But only minutes later Prime Minister Binyamin Netanyahu broke the ice with a politically tinged suggestion that the world was again turning a blind eye toward a country that publicly vows to annihilate millions of Jews. Seizing the opportunity presented by an audience dotted with the most senior officials of the countries with whom he bitterly disagrees on issues relating to Iran, he expressed alarm that there existed no “unified stance against [Iran], the most anti-Semitic regime on the planet.

“Israel thanks [US] President [Donald] Trump and Vice President Mike Pence for confronting the tyrants of Tehran who threaten the stability of the Middle East and the entire world,” Netanyahu affirmed, before calling “on all governments to make any effort to confront Iran.”

Taking the podium shortly thereafter, Pence echoed the sentiment: “We must also stand strong against… the one government in the world that denies the Holocaust as a matter of state policy and calls to wipe Israel off the map.
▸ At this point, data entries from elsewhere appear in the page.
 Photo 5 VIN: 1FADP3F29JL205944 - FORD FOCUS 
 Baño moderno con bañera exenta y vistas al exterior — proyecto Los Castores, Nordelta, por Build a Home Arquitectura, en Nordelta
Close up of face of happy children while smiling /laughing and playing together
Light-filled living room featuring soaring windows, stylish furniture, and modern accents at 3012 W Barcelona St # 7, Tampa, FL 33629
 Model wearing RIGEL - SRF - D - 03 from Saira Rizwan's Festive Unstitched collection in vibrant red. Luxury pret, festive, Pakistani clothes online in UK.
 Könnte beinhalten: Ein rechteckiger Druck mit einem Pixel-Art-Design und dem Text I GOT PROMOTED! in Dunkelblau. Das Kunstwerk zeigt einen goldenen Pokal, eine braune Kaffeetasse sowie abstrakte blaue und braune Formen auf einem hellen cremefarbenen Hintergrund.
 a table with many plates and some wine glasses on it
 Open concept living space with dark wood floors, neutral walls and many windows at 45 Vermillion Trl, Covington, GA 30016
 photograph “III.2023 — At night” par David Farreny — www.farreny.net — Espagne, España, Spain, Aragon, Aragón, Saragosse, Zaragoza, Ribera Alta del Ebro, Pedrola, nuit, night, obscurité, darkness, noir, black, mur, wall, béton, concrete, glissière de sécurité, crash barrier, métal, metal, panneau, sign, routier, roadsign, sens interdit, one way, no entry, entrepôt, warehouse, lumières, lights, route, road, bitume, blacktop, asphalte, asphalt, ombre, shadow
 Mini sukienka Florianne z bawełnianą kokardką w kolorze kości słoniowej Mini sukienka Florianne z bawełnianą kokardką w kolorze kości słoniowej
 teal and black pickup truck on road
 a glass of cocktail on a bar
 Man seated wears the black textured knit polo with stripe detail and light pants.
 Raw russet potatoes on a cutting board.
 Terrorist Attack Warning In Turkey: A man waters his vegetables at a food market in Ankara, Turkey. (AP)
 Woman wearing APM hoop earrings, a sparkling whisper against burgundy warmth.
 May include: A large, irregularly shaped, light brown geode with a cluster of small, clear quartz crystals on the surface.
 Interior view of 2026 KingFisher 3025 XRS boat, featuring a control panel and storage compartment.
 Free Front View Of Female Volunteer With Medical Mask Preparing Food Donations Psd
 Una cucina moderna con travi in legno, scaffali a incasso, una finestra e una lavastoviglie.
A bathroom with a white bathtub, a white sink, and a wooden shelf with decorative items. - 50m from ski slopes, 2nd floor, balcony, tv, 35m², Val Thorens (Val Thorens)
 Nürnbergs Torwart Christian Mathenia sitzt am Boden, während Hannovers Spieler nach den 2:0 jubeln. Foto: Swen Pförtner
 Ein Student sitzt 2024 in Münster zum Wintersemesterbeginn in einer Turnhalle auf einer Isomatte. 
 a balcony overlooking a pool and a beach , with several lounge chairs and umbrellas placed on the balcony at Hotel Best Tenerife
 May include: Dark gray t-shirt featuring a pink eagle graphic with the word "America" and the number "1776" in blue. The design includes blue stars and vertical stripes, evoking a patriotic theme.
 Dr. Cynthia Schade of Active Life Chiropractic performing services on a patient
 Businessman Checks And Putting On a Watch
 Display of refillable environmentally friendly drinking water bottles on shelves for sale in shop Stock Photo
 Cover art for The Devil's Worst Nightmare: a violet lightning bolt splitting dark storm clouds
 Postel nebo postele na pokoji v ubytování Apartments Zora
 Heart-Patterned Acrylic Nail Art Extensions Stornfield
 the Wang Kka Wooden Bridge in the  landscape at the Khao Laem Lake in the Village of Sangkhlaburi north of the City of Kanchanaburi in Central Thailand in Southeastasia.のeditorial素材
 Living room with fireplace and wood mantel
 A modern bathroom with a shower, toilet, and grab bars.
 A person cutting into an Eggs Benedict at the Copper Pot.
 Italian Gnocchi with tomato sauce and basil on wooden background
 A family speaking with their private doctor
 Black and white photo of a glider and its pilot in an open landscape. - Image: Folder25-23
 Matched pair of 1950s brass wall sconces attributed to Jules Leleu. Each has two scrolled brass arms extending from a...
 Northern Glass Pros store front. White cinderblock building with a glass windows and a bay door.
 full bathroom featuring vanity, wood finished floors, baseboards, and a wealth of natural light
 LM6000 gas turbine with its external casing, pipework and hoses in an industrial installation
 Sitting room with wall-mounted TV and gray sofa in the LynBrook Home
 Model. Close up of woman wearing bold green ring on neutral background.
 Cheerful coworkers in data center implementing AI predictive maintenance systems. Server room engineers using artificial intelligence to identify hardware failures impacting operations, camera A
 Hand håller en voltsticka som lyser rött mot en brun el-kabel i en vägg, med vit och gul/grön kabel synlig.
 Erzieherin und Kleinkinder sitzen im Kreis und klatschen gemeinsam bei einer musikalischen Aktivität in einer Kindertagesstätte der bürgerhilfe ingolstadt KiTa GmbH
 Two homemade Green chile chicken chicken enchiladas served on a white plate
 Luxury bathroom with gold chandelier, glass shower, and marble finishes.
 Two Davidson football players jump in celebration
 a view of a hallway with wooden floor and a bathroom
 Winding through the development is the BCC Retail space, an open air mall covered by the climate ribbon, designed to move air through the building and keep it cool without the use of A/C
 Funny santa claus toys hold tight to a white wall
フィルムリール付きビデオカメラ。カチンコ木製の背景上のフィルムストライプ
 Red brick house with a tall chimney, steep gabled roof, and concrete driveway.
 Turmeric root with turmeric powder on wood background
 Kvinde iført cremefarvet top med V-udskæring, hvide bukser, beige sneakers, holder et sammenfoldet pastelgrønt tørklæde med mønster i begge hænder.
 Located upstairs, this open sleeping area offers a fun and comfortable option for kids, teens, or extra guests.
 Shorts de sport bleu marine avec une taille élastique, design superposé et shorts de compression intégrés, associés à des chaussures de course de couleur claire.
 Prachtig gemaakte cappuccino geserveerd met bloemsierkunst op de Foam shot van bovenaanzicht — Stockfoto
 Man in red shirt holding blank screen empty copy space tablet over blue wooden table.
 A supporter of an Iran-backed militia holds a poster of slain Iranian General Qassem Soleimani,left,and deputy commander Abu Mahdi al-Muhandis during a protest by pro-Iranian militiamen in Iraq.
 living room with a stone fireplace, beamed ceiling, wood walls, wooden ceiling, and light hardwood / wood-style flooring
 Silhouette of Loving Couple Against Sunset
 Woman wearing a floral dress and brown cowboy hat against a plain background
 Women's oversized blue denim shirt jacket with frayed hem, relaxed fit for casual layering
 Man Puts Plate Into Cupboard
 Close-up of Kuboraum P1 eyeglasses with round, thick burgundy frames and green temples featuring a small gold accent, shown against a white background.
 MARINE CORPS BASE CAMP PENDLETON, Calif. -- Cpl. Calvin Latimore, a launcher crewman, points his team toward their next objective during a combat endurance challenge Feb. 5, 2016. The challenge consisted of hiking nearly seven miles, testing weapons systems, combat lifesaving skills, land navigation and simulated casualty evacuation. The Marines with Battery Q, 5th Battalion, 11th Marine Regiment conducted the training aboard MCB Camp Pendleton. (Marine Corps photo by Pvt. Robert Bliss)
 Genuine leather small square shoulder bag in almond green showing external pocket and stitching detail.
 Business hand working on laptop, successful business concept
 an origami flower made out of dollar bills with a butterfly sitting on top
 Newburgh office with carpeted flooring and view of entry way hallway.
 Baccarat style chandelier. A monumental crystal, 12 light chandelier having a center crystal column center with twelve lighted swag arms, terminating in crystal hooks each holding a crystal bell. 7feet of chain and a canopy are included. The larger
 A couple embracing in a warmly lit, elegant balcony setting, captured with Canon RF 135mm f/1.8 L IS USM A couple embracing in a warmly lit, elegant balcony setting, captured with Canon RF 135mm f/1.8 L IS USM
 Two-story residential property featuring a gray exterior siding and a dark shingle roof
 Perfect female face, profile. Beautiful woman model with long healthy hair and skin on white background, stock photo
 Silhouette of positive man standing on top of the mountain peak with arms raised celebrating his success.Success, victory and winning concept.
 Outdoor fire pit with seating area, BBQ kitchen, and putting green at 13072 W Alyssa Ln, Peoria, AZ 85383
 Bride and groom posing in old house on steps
The world must stand strong against the Islamic Republic of Iran,” Pence said.

For his part, Russian President Vladimir Putin – while reinforcing that “this [Holocaust] remembrance is our shared responsibility to the past and the future,” and while arguing that Russia had “paid the highest price” in vanquishing Hitler’s Germany – stated that “these death camps were operated not just by Nazis but by their henchmen in various countries.”

The latter comments were construed as another shot at Poland, with which Moscow has been engaged in a bitter war-of-words over alleged World War II revisionism.

But the central theme of remembrance, and to invoke its lessons so as not to repeat the past, was the thread that bound all the speeches together.

In this respect, a regretful President Frank-Walter Steinmeier said that Germans needed, in perpetuity, to internalize that it was their country that had perpetrated the Holocaust, while repeatedly invoking the phrase, “Never Again.”

“Here at Yad Vashem burns the Eternal Flame in remembrance of the victims the Shoah. This place reminds us of their suffering. The suffering of millions. And it reminds us of their lives – each individual life,” Steinmeier began.

“Germans deported them,” he then stressed. “Germans burned numbers on their forearms. Germans tried to dehumanize them … to erase all memory of them in the extermination camps.

“They did not succeed.”

Indeed, this message was front and center on Thursday: that the Jewish people, despite facing extinction only a few generations ago, and amid a global resurgence in anti-Semitism, has built a powerhouse state in their ancestral homeland.